The Elms extension has finally been dropped from Angus Council’s capital plan – prompting questions from the authority’s longest-serving councillor over why it took so long to discover the site was no good.
Non-committed expenditure of more than £160,000 had been marked on the financial plan for the extension on ground near Cairnie Road, close to the existing Western cemetery.
Almost a decade ago, officials had suggested the Elms cemetery could become a site for woodland burials as the trend for marking a grave with a tree rather than a memorial stone gained popularity.
However, the plans were never progressed and Arbroath West and Letham SNP councillor Alex King said he was surprised to see the Elms idea disappear after so long.
“I am interested to see that an area of ground planned as an extension to Arbroath cemeteries since before I came to Arbroath in 1959 has suddenly been found to be unsuitable,” he said.
“How this managed to stay in the capital plan for that amount of time without someone doing ground tests is beyond me.

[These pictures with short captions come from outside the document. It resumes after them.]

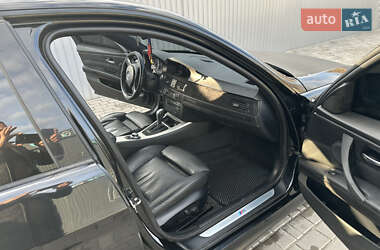 Седан BMW 3 Series 2007 в Городищеві
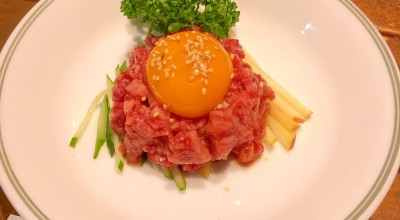 焼肉楽園 東新井 つくば駅 焼肉 ホルモン
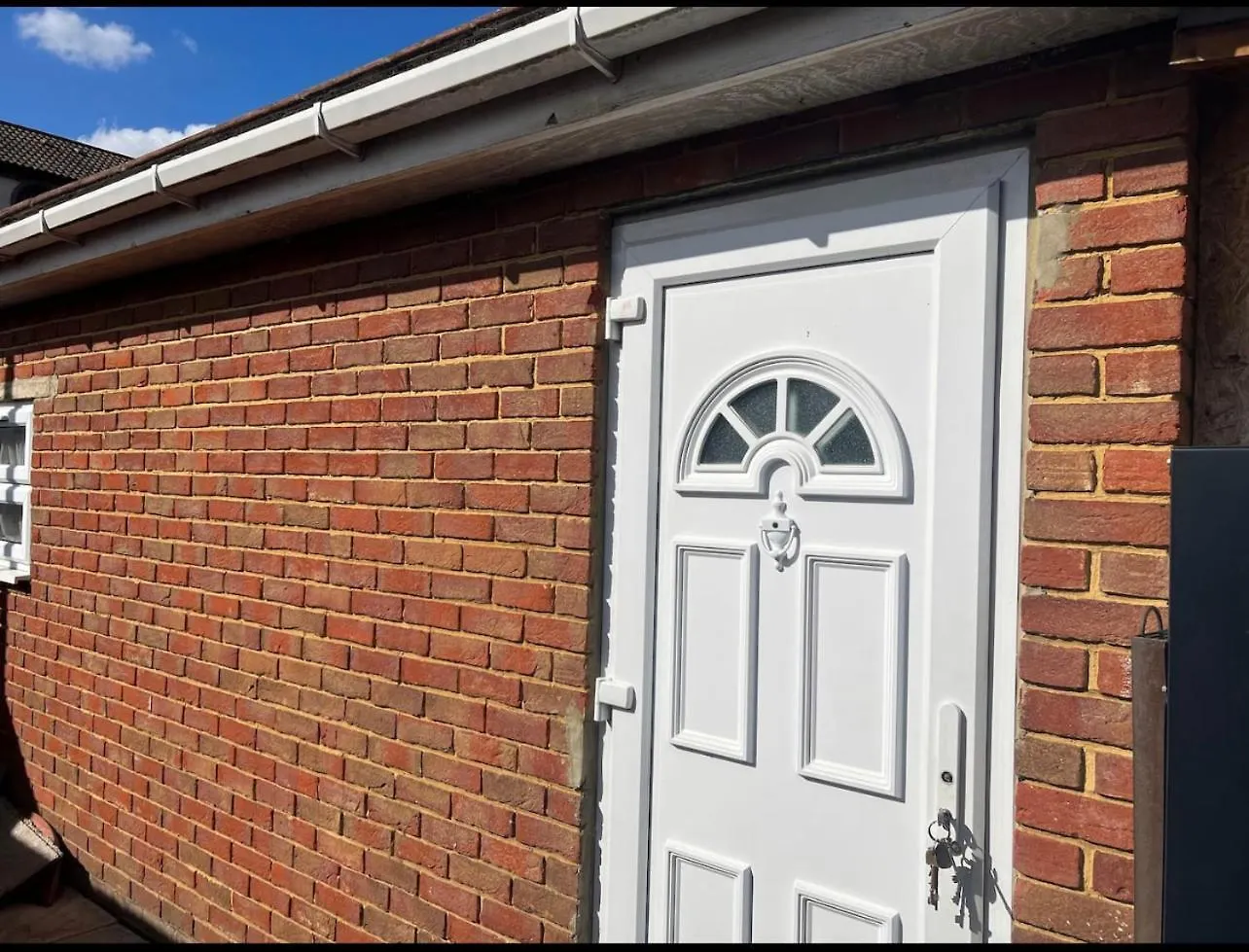 One Bed Pad Apartment Thamesmead
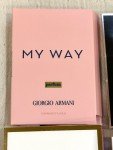 18 Luxury Designer Women's Fragrance Sample Sprays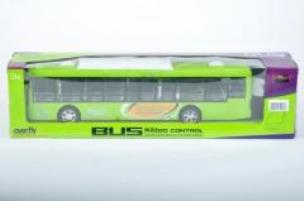 Opakowanie Autobus zdalnie sterowany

“And where you are going to find another piece of ground in the town for a cemetery extension I don’t know,” said Mr King.

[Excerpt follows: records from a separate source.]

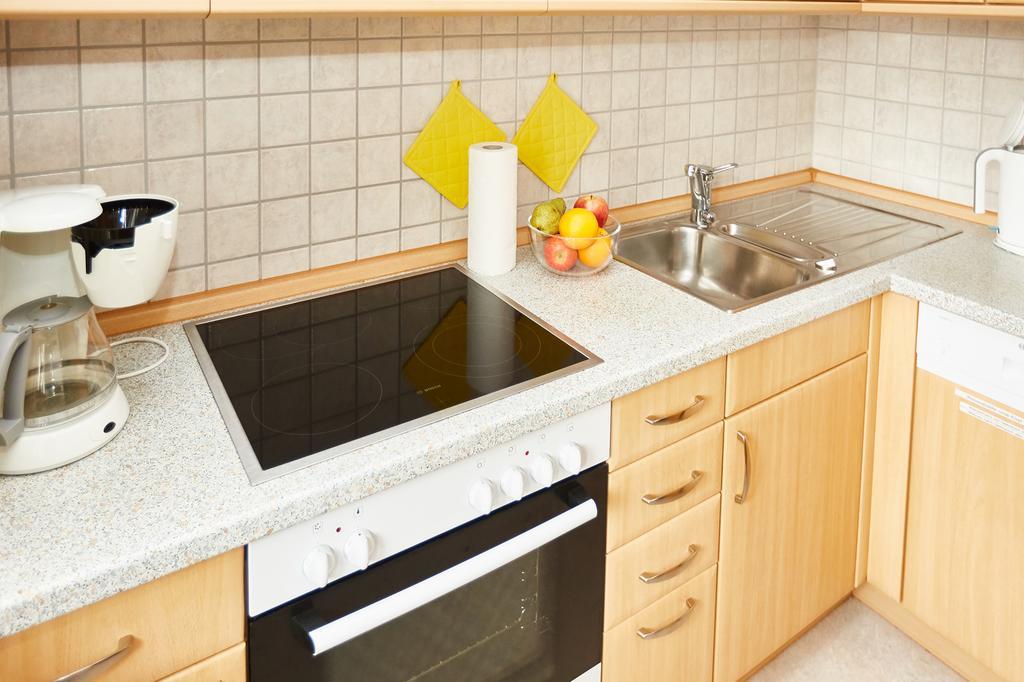 Ferienwohnung Kuehn Oberstdorf Exteriör bild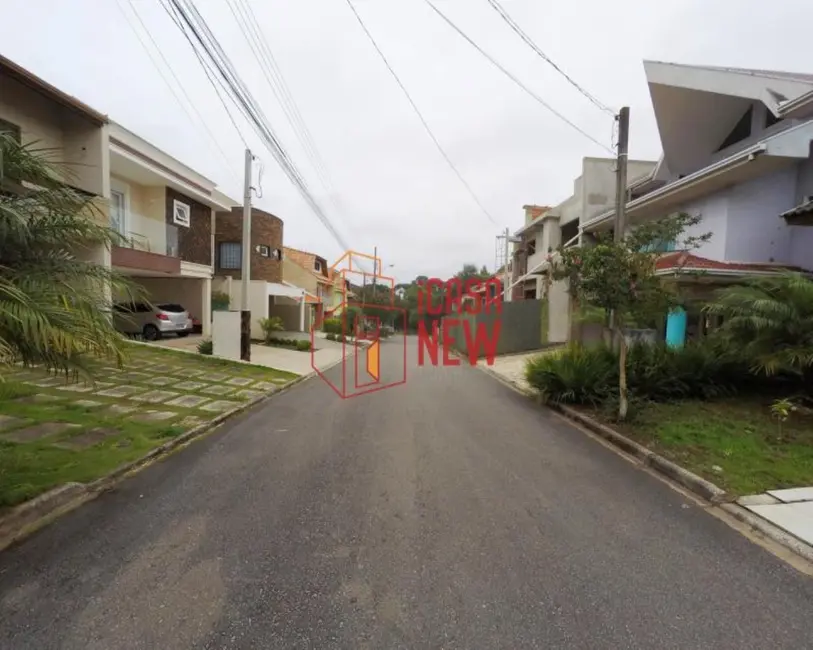 Foto 4 de Terreno / Lote à venda, 170m2 em Xaxim, Curitiba - PR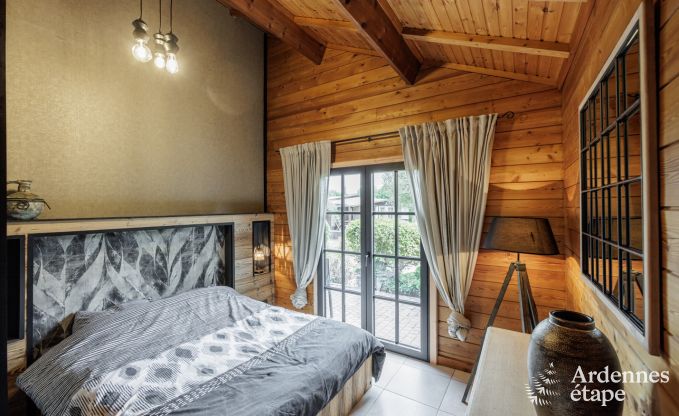 Chalet Hotton 9 Pers. Ardennen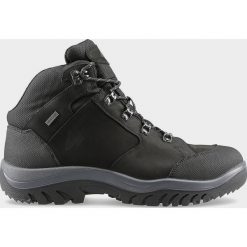 Buty trekkingowe męskie. Buty trekkingowe męskie na zimę, ze skóry, thinsulate. W wyprzedaży za 299,99 zł.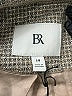 Banana Republic Tweed Gray Blazer Size 14 - photo 6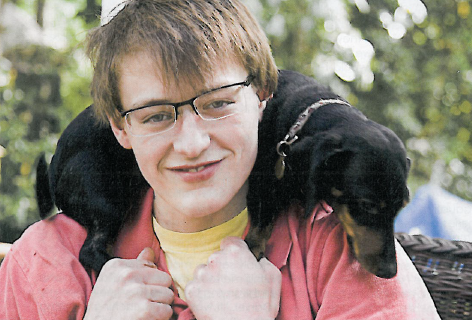 Daniel DeLoach Memorial Golf Tournament - Default Image of Daniel's Fund Patron (Non-Golfers)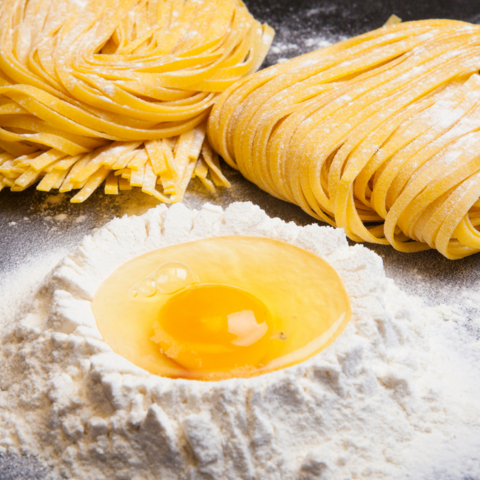 Fresh Pasta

Finance director Ian Lorimer’s report to policy and resources committee councillors revealed: “Due to problematic ground conditions at the proposed Elms cemetery extension in Arbroath, environmental services will no longer be proceedings with the works at this particular location.
“A new site will require to be found to serve burial ground requirements elsewhere in western Arbroath.
“In the meantime however, the ongoing works to extend Kirriemuir cemetery has identified a problem with surface drainage which required to be addressed.”
Councillor have agreed to divert £70k of funding from the Elms plan to solve the Kirrie issue.
In 2015, the authority said that while the Elms site was on the local plan there were no immediate proposals to develop it since sufficient space remained in the town’s eastern and western graveyards.
The committee also heard £50,000 will also be required for emergency repairs to the coastal defences at Montrose seafront after a partial collapse of a section near the Splash esplanade.